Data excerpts
○ ○ ○ ○

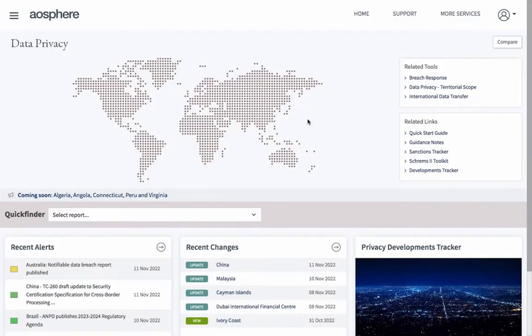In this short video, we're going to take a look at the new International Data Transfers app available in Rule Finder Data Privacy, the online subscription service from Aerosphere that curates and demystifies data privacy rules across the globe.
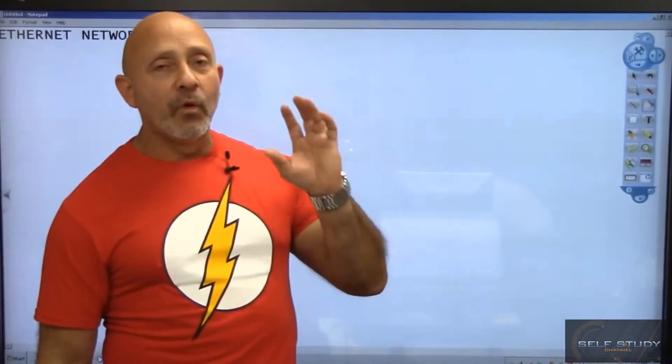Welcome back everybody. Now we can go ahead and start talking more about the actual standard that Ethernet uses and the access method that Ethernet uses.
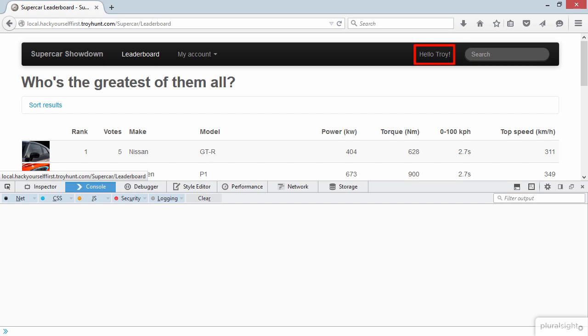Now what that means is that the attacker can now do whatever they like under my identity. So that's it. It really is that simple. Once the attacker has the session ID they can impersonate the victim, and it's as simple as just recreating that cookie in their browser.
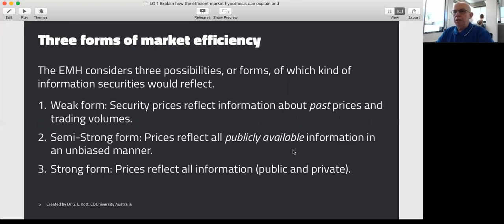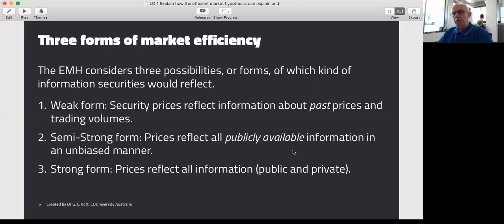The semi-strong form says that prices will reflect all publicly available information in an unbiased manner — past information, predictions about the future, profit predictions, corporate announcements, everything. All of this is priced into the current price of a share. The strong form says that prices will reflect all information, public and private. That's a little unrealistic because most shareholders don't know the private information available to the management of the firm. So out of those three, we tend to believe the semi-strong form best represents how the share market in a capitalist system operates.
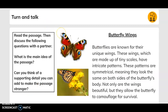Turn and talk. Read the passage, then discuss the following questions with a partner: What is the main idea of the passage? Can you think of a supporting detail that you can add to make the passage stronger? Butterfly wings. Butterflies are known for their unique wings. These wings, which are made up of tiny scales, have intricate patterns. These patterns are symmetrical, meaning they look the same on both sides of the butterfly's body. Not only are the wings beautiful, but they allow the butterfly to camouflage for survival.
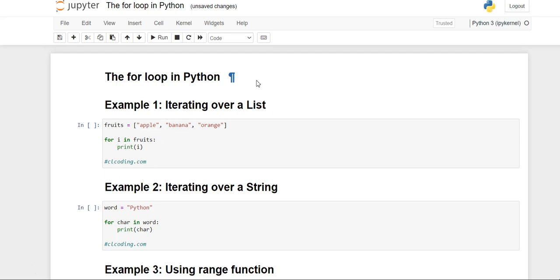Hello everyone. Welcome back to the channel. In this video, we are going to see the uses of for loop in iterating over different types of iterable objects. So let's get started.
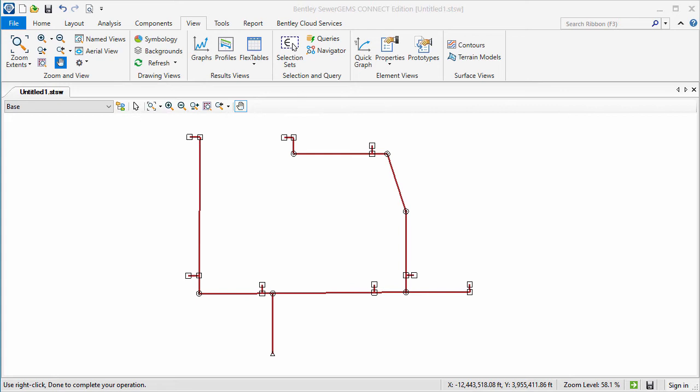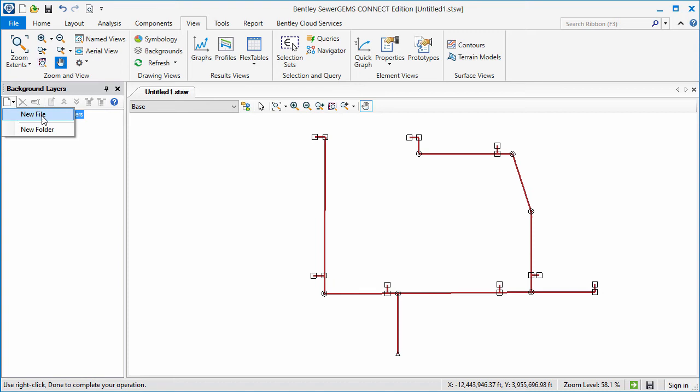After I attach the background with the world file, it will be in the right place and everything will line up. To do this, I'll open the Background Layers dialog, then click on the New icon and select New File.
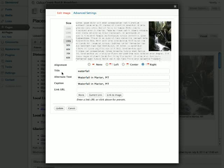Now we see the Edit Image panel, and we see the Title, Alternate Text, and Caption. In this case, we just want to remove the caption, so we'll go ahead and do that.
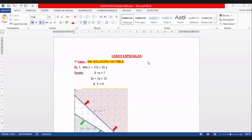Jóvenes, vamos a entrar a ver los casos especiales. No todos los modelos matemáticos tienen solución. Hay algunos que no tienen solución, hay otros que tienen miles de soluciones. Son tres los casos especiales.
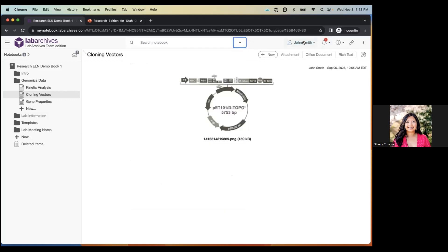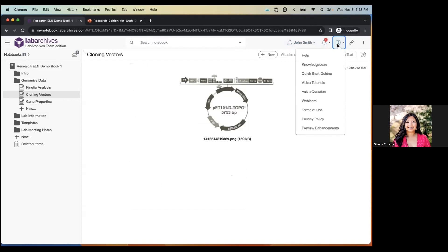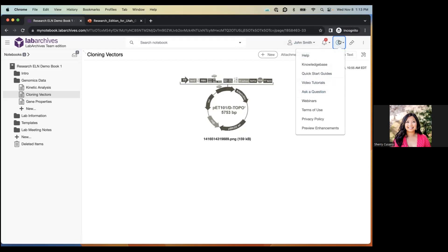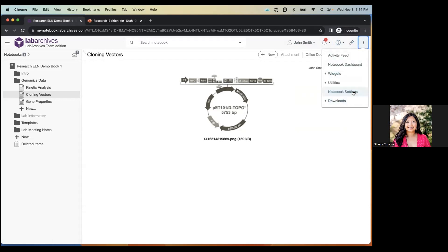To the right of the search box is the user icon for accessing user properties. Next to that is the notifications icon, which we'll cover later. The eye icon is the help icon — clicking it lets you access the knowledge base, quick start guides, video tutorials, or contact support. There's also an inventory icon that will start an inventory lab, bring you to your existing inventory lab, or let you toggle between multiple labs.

○ ○ ○ ○

## Exercise
Retype all the data exactly, please, without pictures.

## Output for this task
In this short video, we're going to take a look at the new International Data Transfers app available in Rule Finder Data Privacy, the online subscription service from Aerosphere that curates and demystifies data privacy rules across the globe.
Welcome back everybody. Now we can go ahead and start talking more about the actual standard that Ethernet uses and the access method that Ethernet uses.
Now what that means is that the attacker can now do whatever they like under my identity. So that's it. It really is that simple. Once the attacker has the session ID they can impersonate the victim, and it's as simple as just recreating that cookie in their browser.
The semi-strong form says that prices will reflect all publicly available information in an unbiased manner — past information, predictions about the future, profit predictions, corporate announcements, everything. All of this is priced into the current price of a share. The strong form says that prices will reflect all information, public and private. That's a little unrealistic because most shareholders don't know the private information available to the management of the firm. So out of those three, we tend to believe the semi-strong form best represents how the share market in a capitalist system operates.
Turn and talk. Read the passage, then discuss the following questions with a partner: What is the main idea of the passage? Can you think of a supporting detail that you can add to make the passage stronger? Butterfly wings. Butterflies are known for their unique wings. These wings, which are made up of tiny scales, have intricate patterns. These patterns are symmetrical, meaning they look the same on both sides of the butterfly's body. Not only are the wings beautiful, but they allow the butterfly to camouflage for survival.
Hello everyone. Welcome back to the channel. In this video, we are going to see the uses of for loop in iterating over different types of iterable objects. So let's get started.
After I attach the background with the world file, it will be in the right place and everything will line up. To do this, I'll open the Background Layers dialog, then click on the New icon and select New File.
Now we see the Edit Image panel, and we see the Title, Alternate Text, and Caption. In this case, we just want to remove the caption, so we'll go ahead and do that.
Jóvenes, vamos a entrar a ver los casos especiales. No todos los modelos matemáticos tienen solución. Hay algunos que no tienen solución, hay otros que tienen miles de soluciones. Son tres los casos especiales.
To the right of the search box is the user icon for accessing user properties. Next to that is the notifications icon, which we'll cover later. The eye icon is the help icon — clicking it lets you access the knowledge base, quick start guides, video tutorials, or contact support. There's also an inventory icon that will start an inventory lab, bring you to your existing inventory lab, or let you toggle between multiple labs.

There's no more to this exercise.